- **How to complete this task**
All of the material must be duplicated exactly, line by line.

- **Information provided**
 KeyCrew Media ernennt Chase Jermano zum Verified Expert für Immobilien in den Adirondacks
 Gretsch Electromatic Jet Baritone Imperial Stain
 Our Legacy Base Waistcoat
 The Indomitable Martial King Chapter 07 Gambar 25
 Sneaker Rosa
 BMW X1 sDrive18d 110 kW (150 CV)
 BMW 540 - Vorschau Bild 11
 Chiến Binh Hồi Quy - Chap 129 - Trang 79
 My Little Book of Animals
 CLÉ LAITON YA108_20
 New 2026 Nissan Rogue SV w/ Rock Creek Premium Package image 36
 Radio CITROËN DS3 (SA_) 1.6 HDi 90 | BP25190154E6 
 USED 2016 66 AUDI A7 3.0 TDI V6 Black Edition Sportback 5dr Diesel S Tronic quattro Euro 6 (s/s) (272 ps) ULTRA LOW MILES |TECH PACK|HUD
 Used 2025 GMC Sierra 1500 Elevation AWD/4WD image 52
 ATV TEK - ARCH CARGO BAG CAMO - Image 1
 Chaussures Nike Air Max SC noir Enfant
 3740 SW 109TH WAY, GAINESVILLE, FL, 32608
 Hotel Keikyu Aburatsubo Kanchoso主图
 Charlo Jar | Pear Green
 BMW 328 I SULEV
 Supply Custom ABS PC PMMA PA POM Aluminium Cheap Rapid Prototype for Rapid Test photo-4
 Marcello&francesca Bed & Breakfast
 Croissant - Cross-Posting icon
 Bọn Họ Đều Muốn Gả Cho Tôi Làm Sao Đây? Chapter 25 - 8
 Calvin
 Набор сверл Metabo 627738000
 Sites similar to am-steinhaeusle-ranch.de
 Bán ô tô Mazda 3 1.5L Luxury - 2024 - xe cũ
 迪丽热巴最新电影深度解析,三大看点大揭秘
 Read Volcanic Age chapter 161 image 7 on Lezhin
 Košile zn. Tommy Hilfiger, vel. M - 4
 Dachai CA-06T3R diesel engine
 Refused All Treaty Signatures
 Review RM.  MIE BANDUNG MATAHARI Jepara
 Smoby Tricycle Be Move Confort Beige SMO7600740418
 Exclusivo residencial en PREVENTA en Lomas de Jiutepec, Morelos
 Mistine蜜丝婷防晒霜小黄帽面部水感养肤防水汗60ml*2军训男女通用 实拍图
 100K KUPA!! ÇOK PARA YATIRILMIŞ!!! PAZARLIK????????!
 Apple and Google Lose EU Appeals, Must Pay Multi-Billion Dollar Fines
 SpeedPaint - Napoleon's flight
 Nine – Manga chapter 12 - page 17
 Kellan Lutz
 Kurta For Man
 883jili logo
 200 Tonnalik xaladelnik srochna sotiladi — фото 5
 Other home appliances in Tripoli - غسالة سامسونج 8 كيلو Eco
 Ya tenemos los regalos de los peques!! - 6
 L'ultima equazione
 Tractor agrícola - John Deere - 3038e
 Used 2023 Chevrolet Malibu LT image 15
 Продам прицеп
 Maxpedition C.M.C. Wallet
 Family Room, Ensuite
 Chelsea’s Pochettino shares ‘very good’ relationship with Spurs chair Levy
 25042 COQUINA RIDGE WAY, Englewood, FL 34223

- **Problem solution**
 KeyCrew Media ernennt Chase Jermano zum Verified Expert für Immobilien in den Adirondacks
 Gretsch Electromatic Jet Baritone Imperial Stain
 Our Legacy Base Waistcoat
 The Indomitable Martial King Chapter 07 Gambar 25
 Sneaker Rosa
 BMW X1 sDrive18d 110 kW (150 CV)
 BMW 540 - Vorschau Bild 11
 Chiến Binh Hồi Quy - Chap 129 - Trang 79
 My Little Book of Animals
 CLÉ LAITON YA108_20
 New 2026 Nissan Rogue SV w/ Rock Creek Premium Package image 36
 Radio CITROËN DS3 (SA_) 1.6 HDi 90 | BP25190154E6 
 USED 2016 66 AUDI A7 3.0 TDI V6 Black Edition Sportback 5dr Diesel S Tronic quattro Euro 6 (s/s) (272 ps) ULTRA LOW MILES |TECH PACK|HUD
 Used 2025 GMC Sierra 1500 Elevation AWD/4WD image 52
 ATV TEK - ARCH CARGO BAG CAMO - Image 1
 Chaussures Nike Air Max SC noir Enfant
 3740 SW 109TH WAY, GAINESVILLE, FL, 32608
 Hotel Keikyu Aburatsubo Kanchoso主图
 Charlo Jar | Pear Green
 BMW 328 I SULEV
 Supply Custom ABS PC PMMA PA POM Aluminium Cheap Rapid Prototype for Rapid Test photo-4
 Marcello&francesca Bed & Breakfast
 Croissant - Cross-Posting icon
 Bọn Họ Đều Muốn Gả Cho Tôi Làm Sao Đây? Chapter 25 - 8
 Calvin
 Набор сверл Metabo 627738000
 Sites similar to am-steinhaeusle-ranch.de
 Bán ô tô Mazda 3 1.5L Luxury - 2024 - xe cũ
 迪丽热巴最新电影深度解析,三大看点大揭秘
 Read Volcanic Age chapter 161 image 7 on Lezhin
 Košile zn. Tommy Hilfiger, vel. M - 4
 Dachai CA-06T3R diesel engine
 Refused All Treaty Signatures
 Review RM.  MIE BANDUNG MATAHARI Jepara
 Smoby Tricycle Be Move Confort Beige SMO7600740418
 Exclusivo residencial en PREVENTA en Lomas de Jiutepec, Morelos
 Mistine蜜丝婷防晒霜小黄帽面部水感养肤防水汗60ml*2军训男女通用 实拍图
 100K KUPA!! ÇOK PARA YATIRILMIŞ!!! PAZARLIK????????!
 Apple and Google Lose EU Appeals, Must Pay Multi-Billion Dollar Fines
 SpeedPaint - Napoleon's flight
 Nine – Manga chapter 12 - page 17
 Kellan Lutz
 Kurta For Man
 883jili logo
 200 Tonnalik xaladelnik srochna sotiladi — фото 5
 Other home appliances in Tripoli - غسالة سامسونج 8 كيلو Eco
 Ya tenemos los regalos de los peques!! - 6
 L'ultima equazione
 Tractor agrícola - John Deere - 3038e
 Used 2023 Chevrolet Malibu LT image 15
 Продам прицеп
 Maxpedition C.M.C. Wallet
 Family Room, Ensuite
 Chelsea’s Pochettino shares ‘very good’ relationship with Spurs chair Levy
 25042 COQUINA RIDGE WAY, Englewood, FL 34223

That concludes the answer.